Il se pourrait que nous puissions contempler des actes esthétiques possédant un peu de la résonnance du terrorisme (ou de la « cruauté » ainsi qu’Artaud le disait) dirigé vers la destruction des abstractions plutôt que celle des gens, vers la libération plutôt que vers le pouvoir, le plaisir plutôt que le profit, la joie plutôt que la peur. Du « terrorisme poétique ». Nos images favorites ont le pouvoir des ténèbres – mais les images sont des masques, & derrière ces masques résident les énergies que nous pouvons utiliser pour la lumière & le plaisir.

Par exemple, l’homme qui a inventé l’aïkido était un samouraï devenu pacifiste & qui refusait de se battre pour l’impérialisme japonais. Il devint ermite, vécut sur une montagne assis sous un arbre…

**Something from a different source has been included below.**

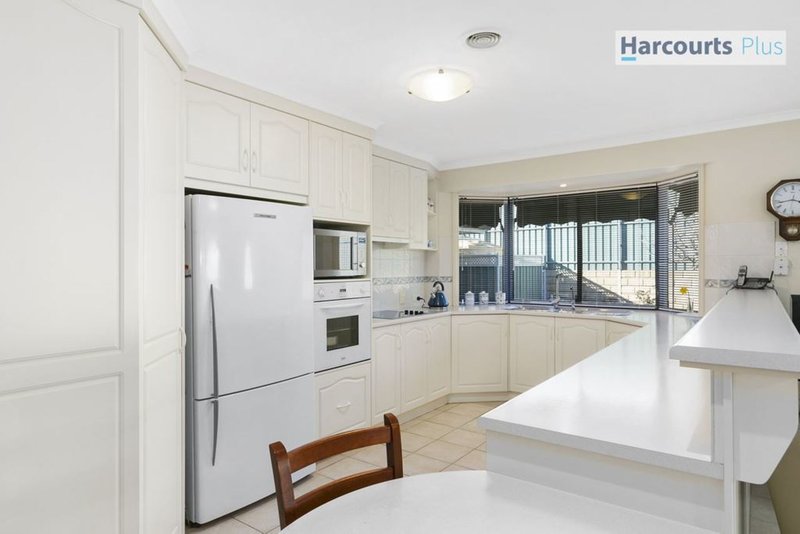 Photo - 20 Elizabeth Crescent, Hallett Cove SA 5158 - Image 14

Un jour, un ancien camarade officier vint le voir & l’accusa de trahison, de couardise, etc. L’ermite ne dit rien, mais demeura assis – & l’officier entra en rage, sortit sont sabre & frappa. Le maître, sans arme, désarma spontanément l’officier & lui rendit son sabre. Encore & encore l’officier tenta de le tuer, usant de tous les kata de son répertoire – mais l’esprit vide de l’ermite inventa chaque fois une nouvelle parade pour le désarmer.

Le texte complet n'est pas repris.